▸ **TASK INPUT**
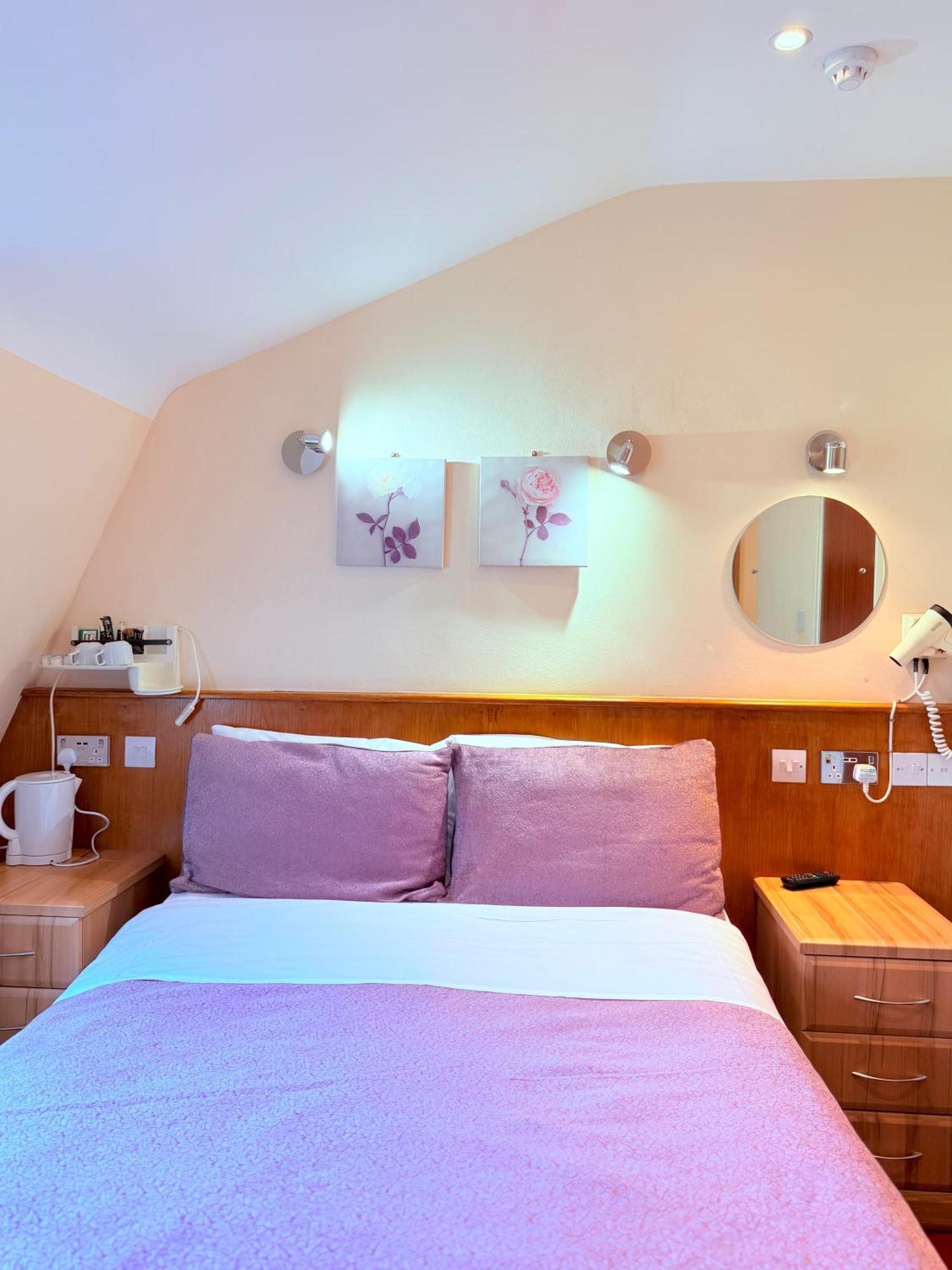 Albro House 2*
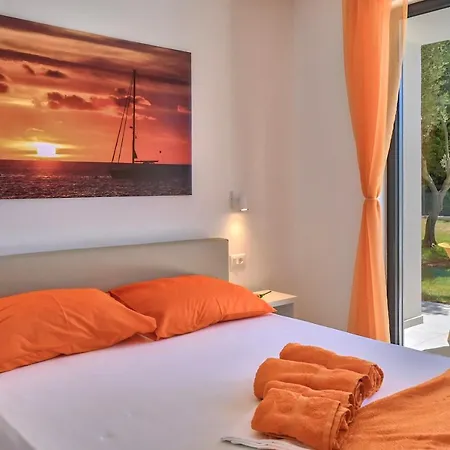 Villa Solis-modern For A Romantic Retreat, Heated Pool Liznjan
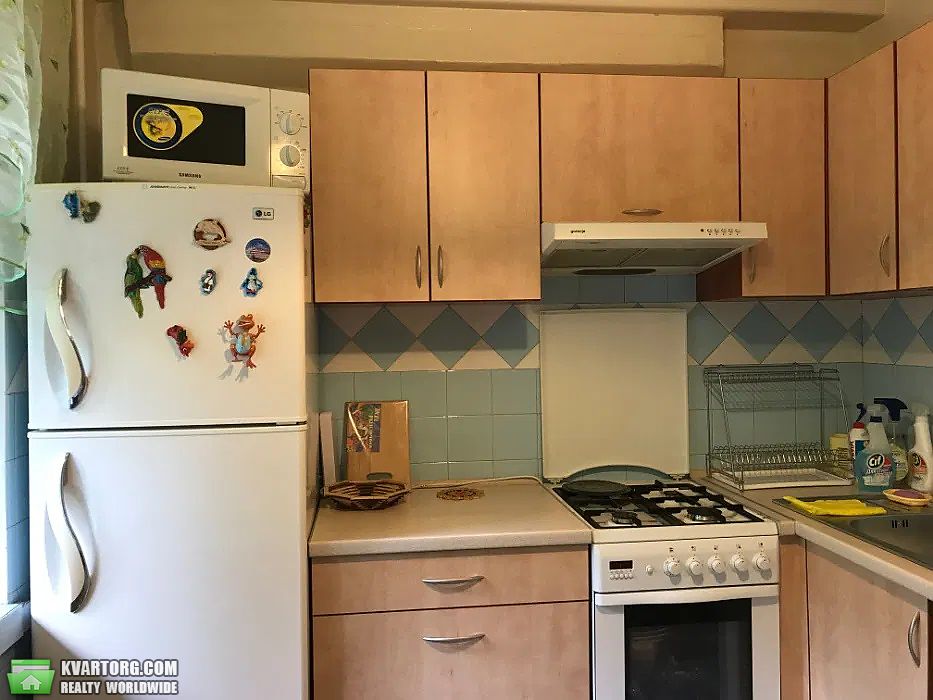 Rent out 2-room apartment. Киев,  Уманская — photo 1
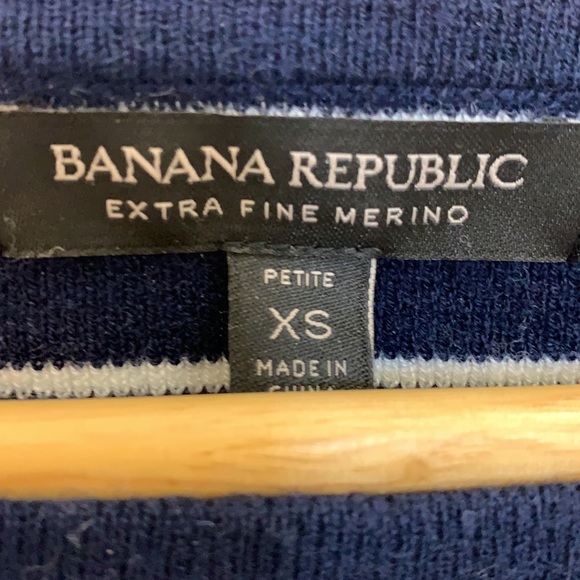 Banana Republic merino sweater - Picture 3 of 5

--

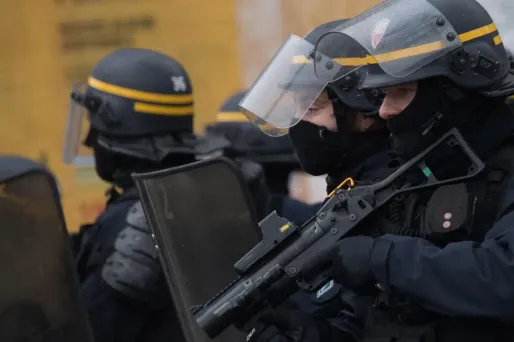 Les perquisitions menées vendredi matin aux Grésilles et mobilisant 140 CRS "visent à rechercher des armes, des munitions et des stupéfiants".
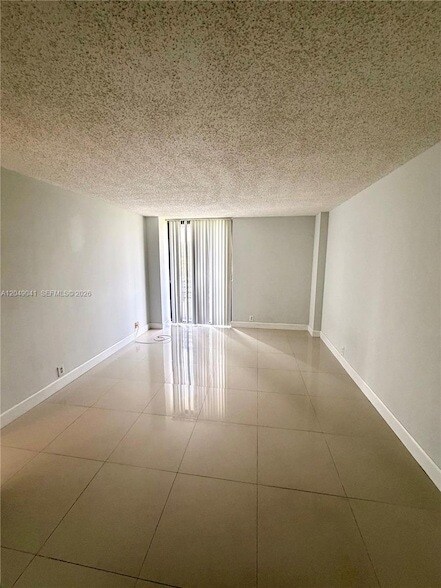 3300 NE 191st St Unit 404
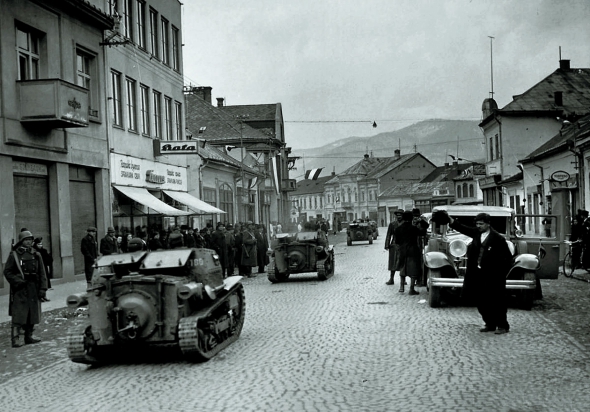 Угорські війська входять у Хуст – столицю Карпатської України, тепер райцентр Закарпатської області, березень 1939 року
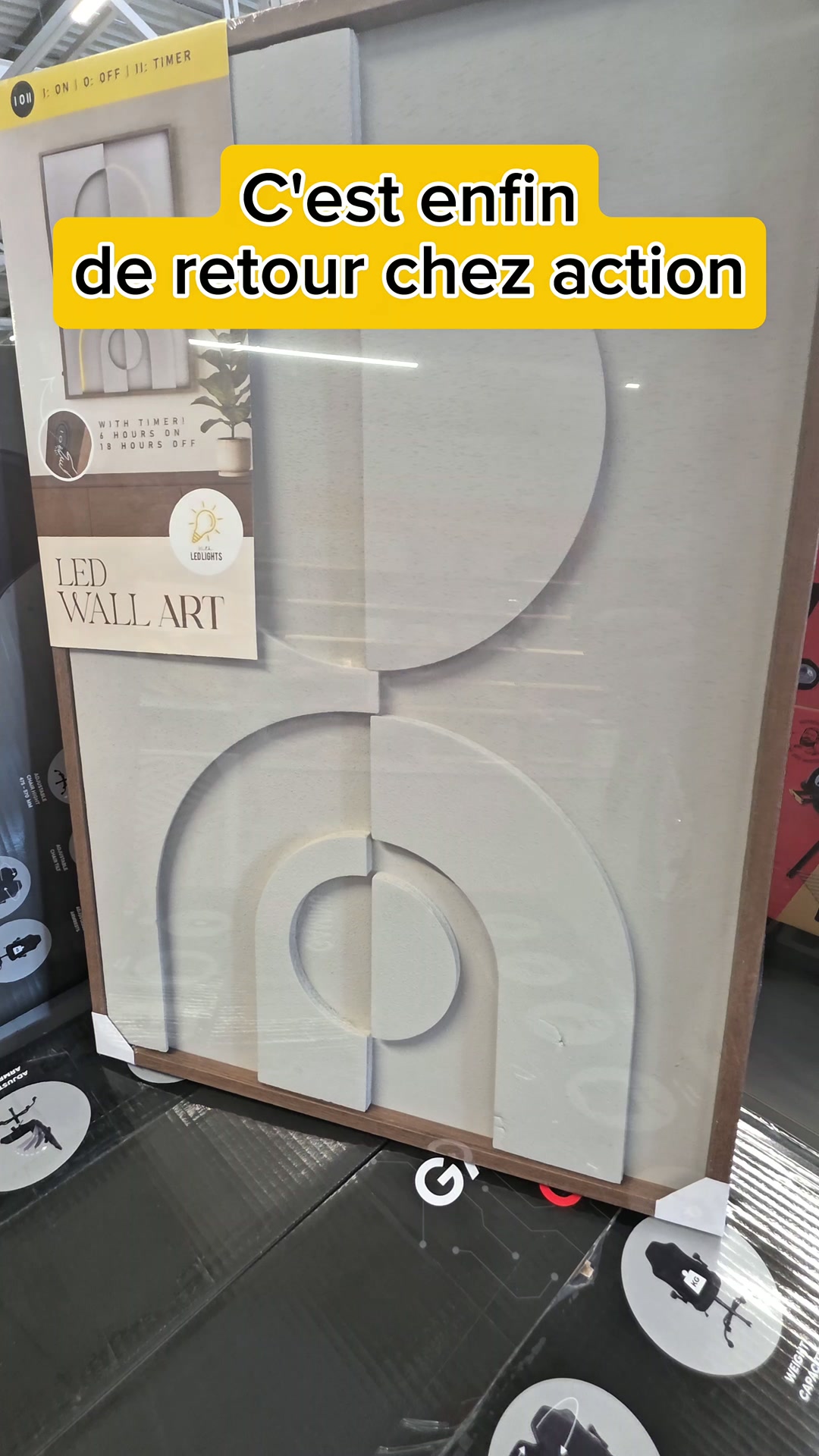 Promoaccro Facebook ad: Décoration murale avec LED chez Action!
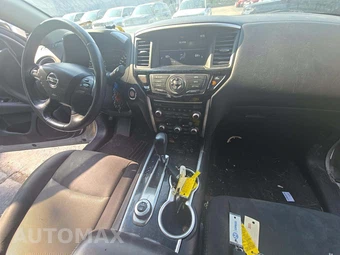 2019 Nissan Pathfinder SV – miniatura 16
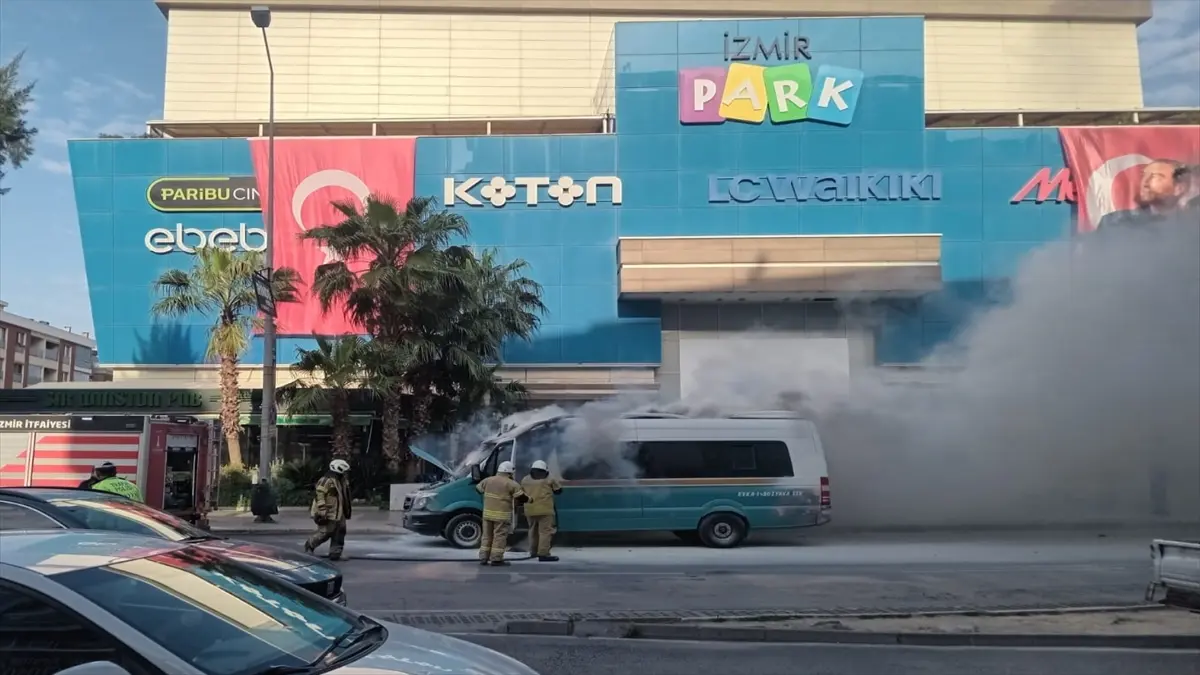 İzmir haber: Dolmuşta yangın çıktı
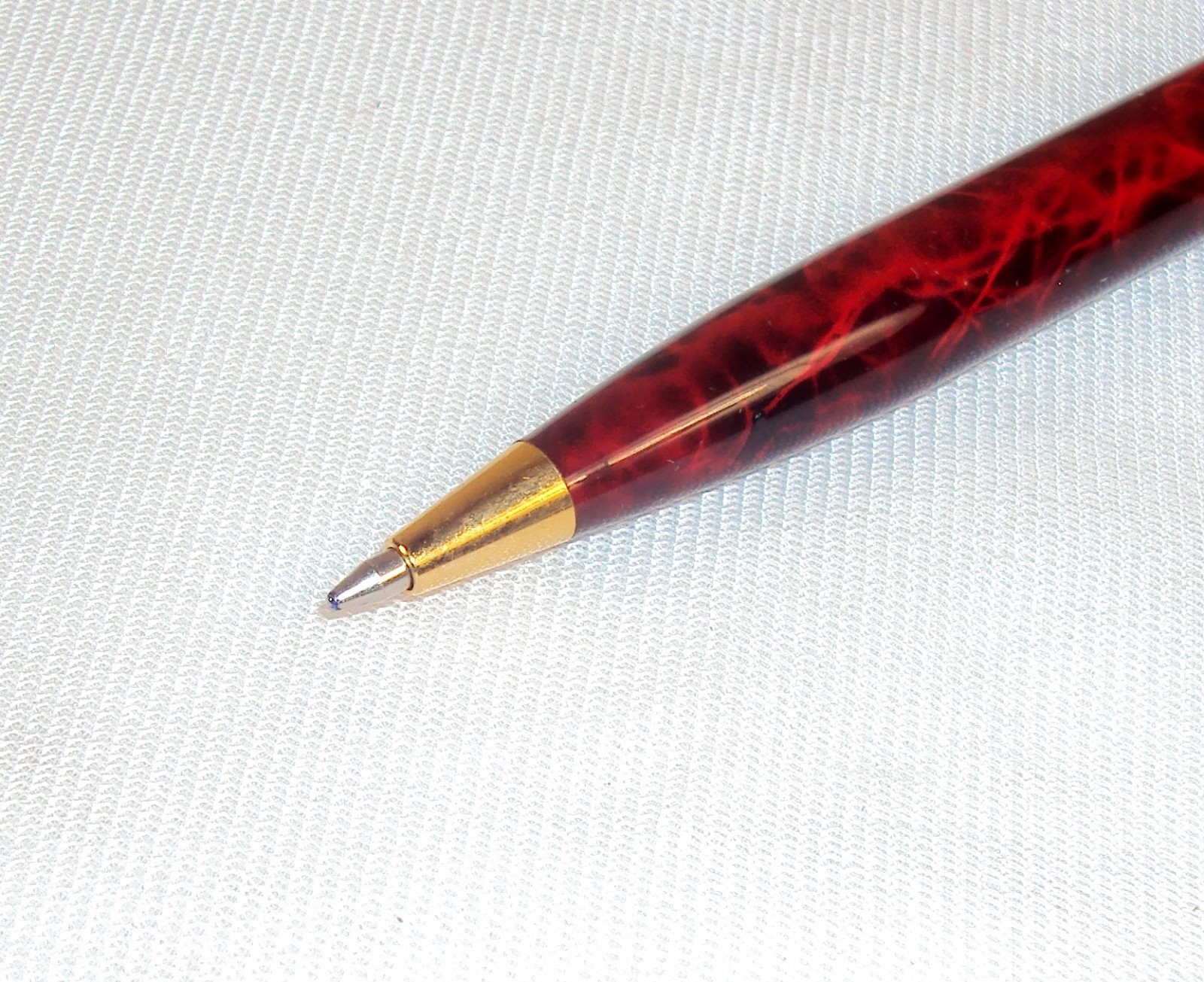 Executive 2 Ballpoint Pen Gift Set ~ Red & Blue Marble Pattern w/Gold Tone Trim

▸ **EXERCISE DIRECTIONS**
Pictures aside, print exactly the lines above starting with the one containing "Villa Solis-modern For" and going on through the one containing "Banana Republic merino".

▸ **FINAL ANSWER**
 Villa Solis-modern For A Romantic Retreat, Heated Pool Liznjan
 Rent out 2-room apartment. Киев,  Уманская — photo 1
 Banana Republic merino sweater - Picture 3 of 5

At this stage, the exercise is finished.